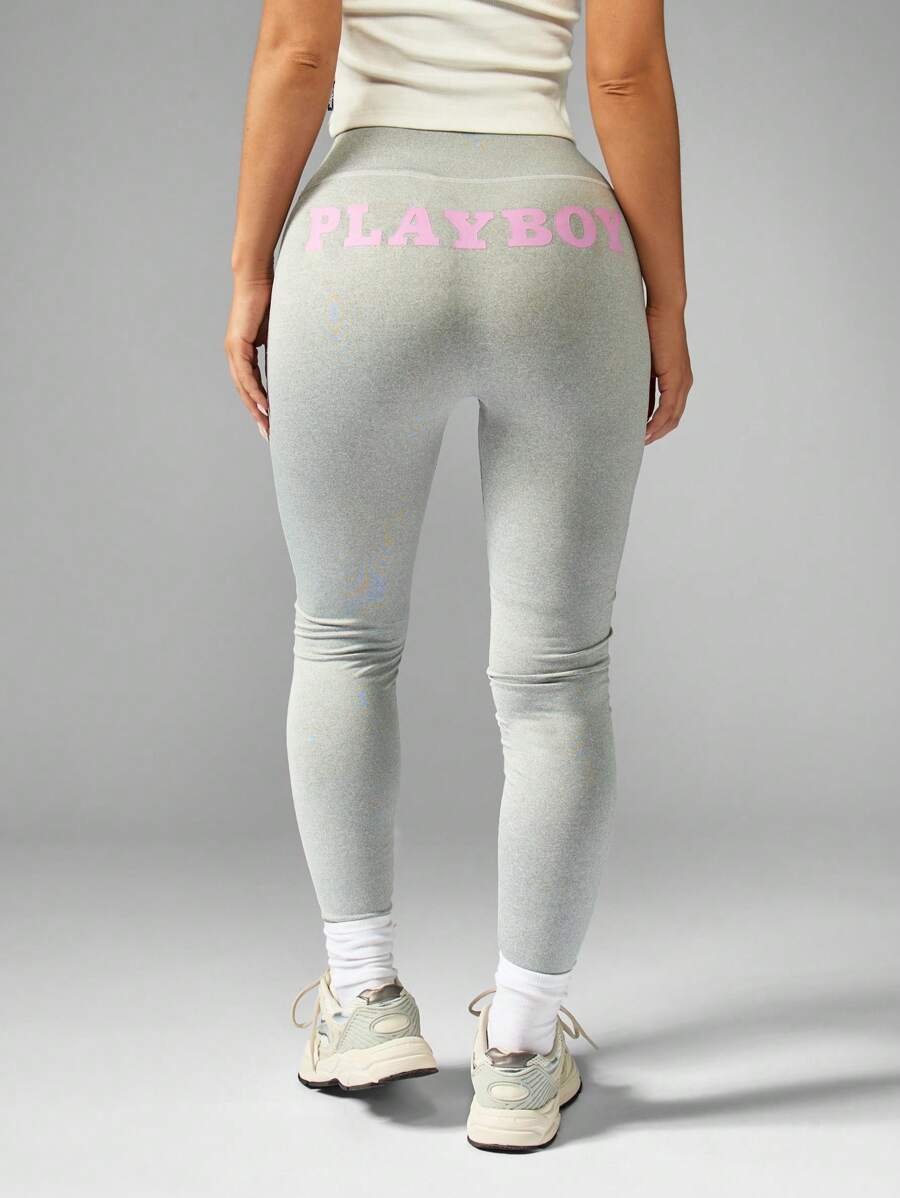 Missguided x Playboy 高腰高性能紧身裤,四向弹力,瑜伽跑步,Power Flex,健身,时尚运动休闲裤,带标志印花 - 灰色 - 查看 1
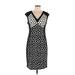 London Times Cocktail Dress - Sheath V-Neck Sleeveless: Black Color Block Dresses - Women's Size 12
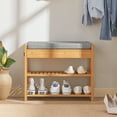 thumbnail image 1 of SoBuy FSR49-N, Bamboo Shoe Rack with Lift Up Bench Top and Seat Cushion,Hallway Shoe Storage Bench Organizer with Drawers, 1 of 7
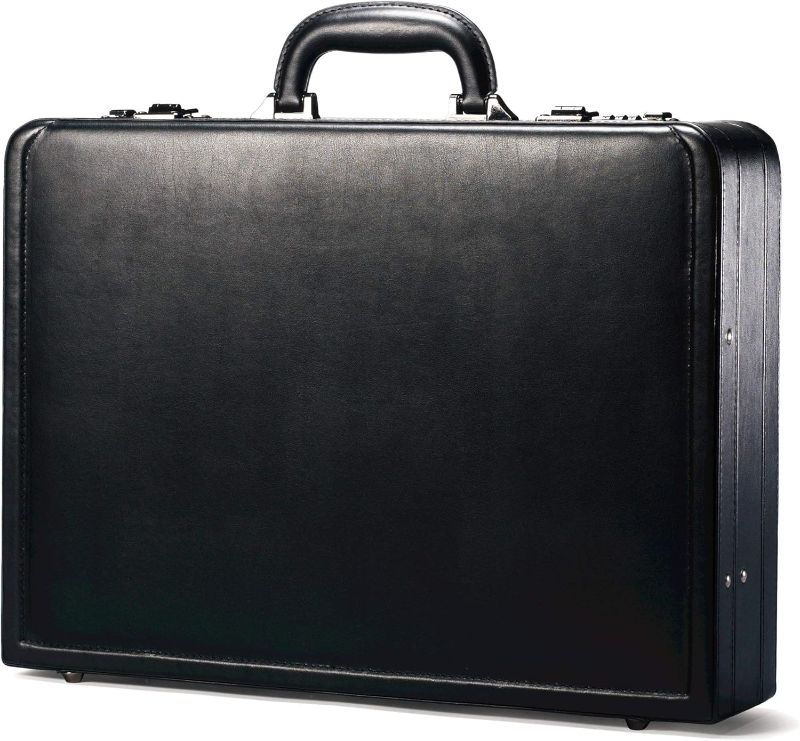 Photo 1 of Samsonite Bonded Leather Attache, Black, One Size 
"nickel combination - one side is lock "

+++++

* _Exercise directions_: Set every record down verbatim. No pictures belong in the copy.

* _Response for this exercise_:
 Missguided x Playboy 高腰高性能紧身裤,四向弹力,瑜伽跑步,Power Flex,健身,时尚运动休闲裤,带标志印花 - 灰色 - 查看 1
 London Times Cocktail Dress - Sheath V-Neck Sleeveless: Black Color Block Dresses - Women's Size 12
 thumbnail image 1 of SoBuy FSR49-N, Bamboo Shoe Rack with Lift Up Bench Top and Seat Cushion,Hallway Shoe Storage Bench Organizer with Drawers, 1 of 7
 Photo 1 of Samsonite Bonded Leather Attache, Black, One Size 
"nickel combination - one side is lock "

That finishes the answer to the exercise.